§ **WHAT IS REQUIRED**:
Take nothing but the lines from the one with "Hangzhou Foodie Half-Day: Morning" through the one with "Cider brewing equipment" in the entries below, both ends kept, and return them exactly with pictures left out.

§ **GIVEN INFORMATION**:
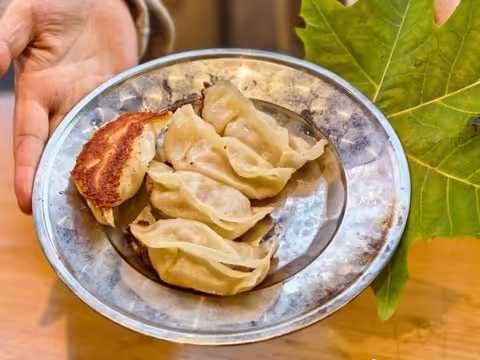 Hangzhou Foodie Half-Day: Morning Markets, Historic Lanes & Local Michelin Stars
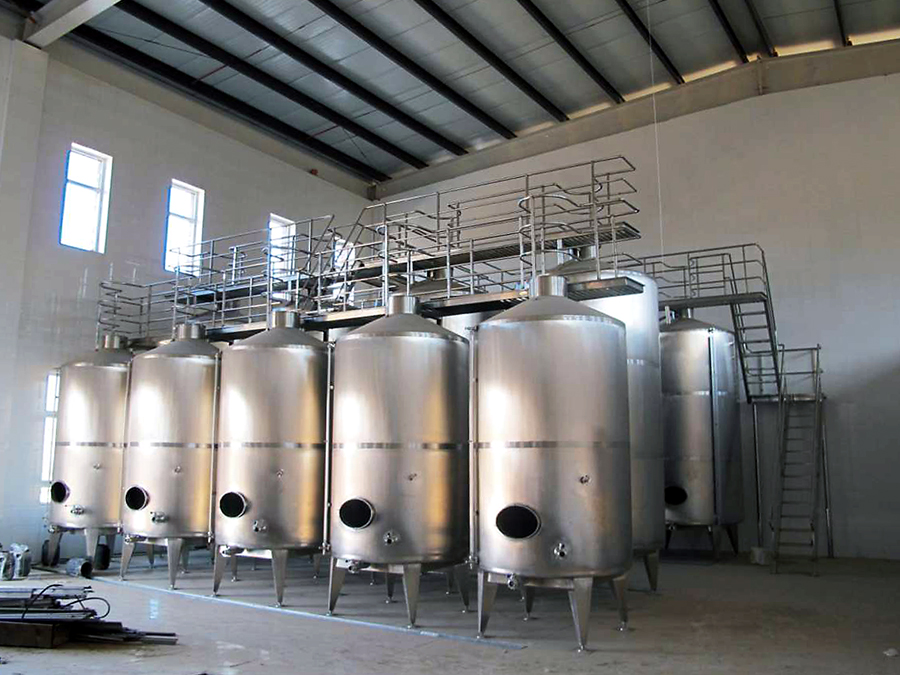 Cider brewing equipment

==

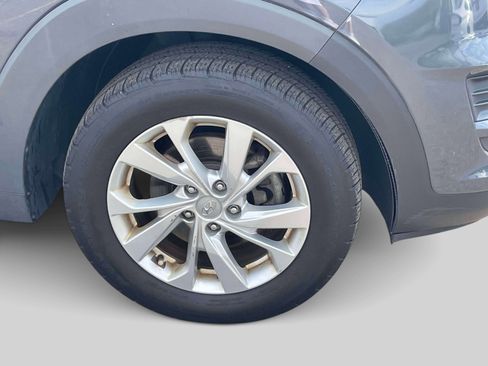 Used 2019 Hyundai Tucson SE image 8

§ **RESPONSE AREA**:
 Hangzhou Foodie Half-Day: Morning Markets, Historic Lanes & Local Michelin Stars
 Cider brewing equipment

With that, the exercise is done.